Dat geldt natuurlijk bovenal voor het overleg tussen het kabinet en de leden van de Tweede Kamer. In onze parlementaire democratie is vertrouwen een kernwoord. Waar het kabinet geacht wordt het vertrouwen van de Kamer te genieten, is het ons vaste voornemen om dat niet te beschamen. Waar het kabinet vertrouwen moet verdienen, gaan wij daarvoor ons uiterste best doen. Met deze inzet voor de toekomst van ons land gaat het kabinet na dit debat met overtuiging en voluit aan de slag.

(geroffel op de bankjes)

De beraadslaging wordt gesloten.

De voorzitter:

Hiermee is een einde gekomen aan de tweede termijn van de zijde van de regering.

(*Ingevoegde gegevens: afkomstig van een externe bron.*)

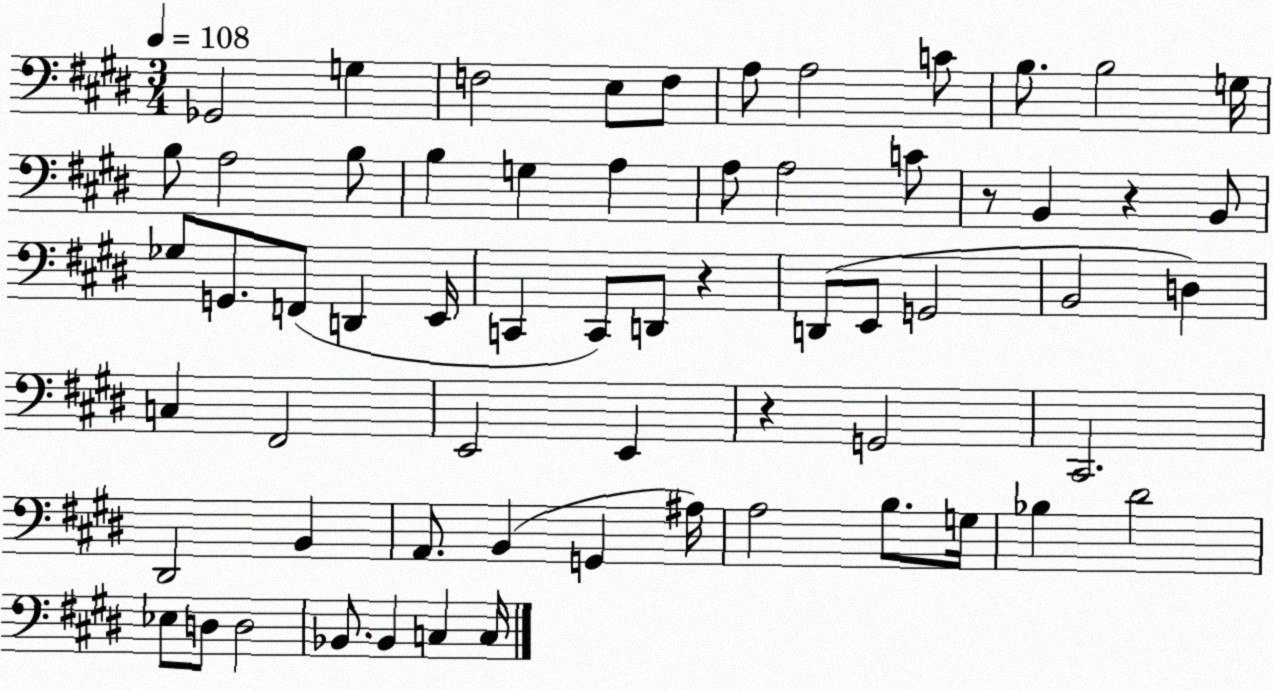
X:1
T:Untitled
M:3/4
L:1/4
K:E
_G,,2 G, F,2 E,/2 F,/2 A,/2 A,2 C/2 B,/2 B,2 G,/4 B,/2 A,2 B,/2 B, G, A, A,/2 A,2 C/2 z/2 B,, z B,,/2 _G,/2 G,,/2 F,,/2 D,, E,,/4 C,, C,,/2 D,,/2 z D,,/2 E,,/2 G,,2 B,,2 D, C, ^F,,2 E,,2 E,, z G,,2 ^C,,2 ^D,,2 B,, A,,/2 B,, G,, ^A,/4 A,2 B,/2 G,/4 _B, ^D2 _E,/2 D,/2 D,2 _B,,/2 _B,, C, C,/4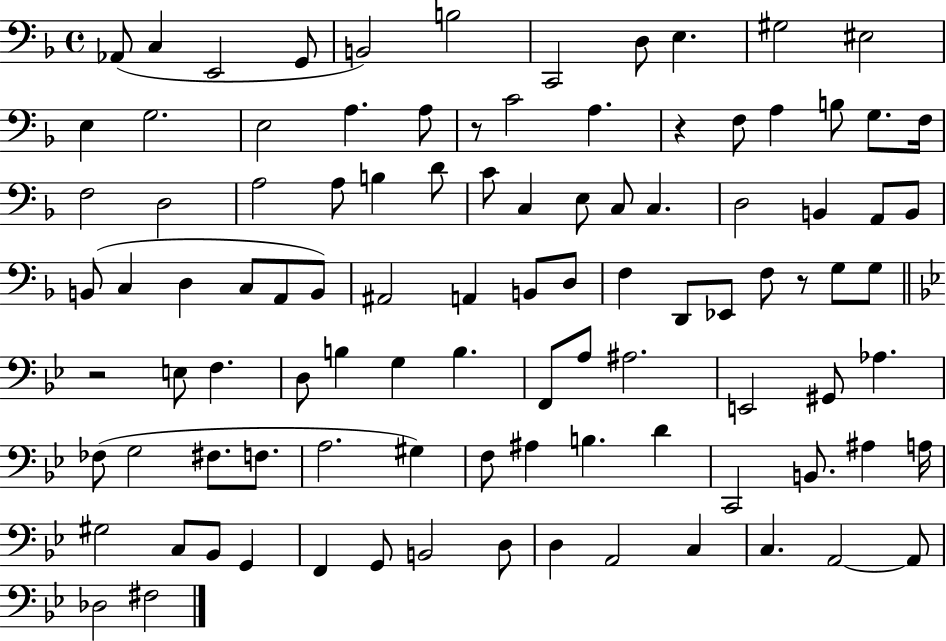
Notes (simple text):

Ab2/e C3/q E2/h G2/e B2/h B3/h C2/h D3/e E3/q. G#3/h EIS3/h E3/q G3/h. E3/h A3/q. A3/e R/e C4/h A3/q. R/q F3/e A3/q B3/e G3/e. F3/s F3/h D3/h A3/h A3/e B3/q D4/e C4/e C3/q E3/e C3/e C3/q. D3/h B2/q A2/e B2/e B2/e C3/q D3/q C3/e A2/e B2/e A#2/h A2/q B2/e D3/e F3/q D2/e Eb2/e F3/e R/e G3/e G3/e R/h E3/e F3/q. D3/e B3/q G3/q B3/q. F2/e A3/e A#3/h. E2/h G#2/e Ab3/q. FES3/e G3/h F#3/e. F3/e. A3/h. G#3/q F3/e A#3/q B3/q. D4/q C2/h B2/e. A#3/q A3/s G#3/h C3/e Bb2/e G2/q F2/q G2/e B2/h D3/e D3/q A2/h C3/q C3/q. A2/h A2/e Db3/h F#3/h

De heer Slob (ChristenUnie):

Nog even over de stemmingslijst van straks. Er zijn twee moties over hetzelfde onderwerp, namelijk de dagbesteding, ingediend. Dat zijn de moties op stuk nr. 39, Samsom/Zijlstra, en die op stuk nr. 49, van de complete oppositie maar onder mijn naam. Die laatste motie is vergaander en ik vraag dus om die op de stemmingslijst vóór de motie op stuk nr. 39 te zetten.

De voorzitter:

Dat zullen wij doen.

Een aantal fracties heeft laten weten behoefte te hebben aan fractieberaad. Ik schors de vergadering tot kwart voor elf.

De vergadering wordt van 22.00 uur tot 22.45 uur geschorst.

De voorzitter:

Een aantal leden heeft op de valreep laten weten een motie te willen aanhouden. Ik verzoek de leden die dat willen, naar de interruptiemicrofoon te komen.

Mevrouw Thieme (PvdD):

Voorzitter. Ik wil graag mijn motie op stuk nr. 60, de motie over de nota dierenwelzijn, aanhouden.

De voorzitter:

Op verzoek van mevrouw Thieme stel ik voor, haar motie (33410, nr. 60) aan te houden.

Daartoe wordt besloten.

De heer Van Ojik (GroenLinks):

Voorzitter. Ik wil mijn motie op stuk nr. 50, de motie over de monitor, aanhouden.

De voorzitter:

Op verzoek van de heer Van Ojik stel ik voor, zijn motie (33410, nr. 50) aan te houden.

Daartoe wordt besloten.

De heer Van Haersma Buma (CDA):

Voorzitter. Ik zou dit moment nog kunnen gebruiken om over alle moties hoofdelijke stemming aan te vragen.

De voorzitter:

Dat kan.

De heer Van Haersma Buma (CDA):

Omdat het al laat is, doe ik dat niet. Ik wil mijn motie op stuk nr. 41 aanhouden.

De voorzitter:

Op verzoek van de heer Van Haersma Buma stel ik voor, zijn motie (33410, nr. 41) aan te houden.

Daartoe wordt besloten.

De heer Roemer (SP):

Voorzitter. Ik wil mijn motie op stuk nr. 38 over het toezenden van het rapport aanhouden.

De voorzitter:

Dat had u in het debat al gedaan, mijnheer Roemer.

De heer Roemer (SP):

Ik houd deze motie aan in de hoop dat ik haar volgende week kan intrekken.

De voorzitter:

Dat hopen wij ook altijd. Dan kunnen wij nu gaan stemmen.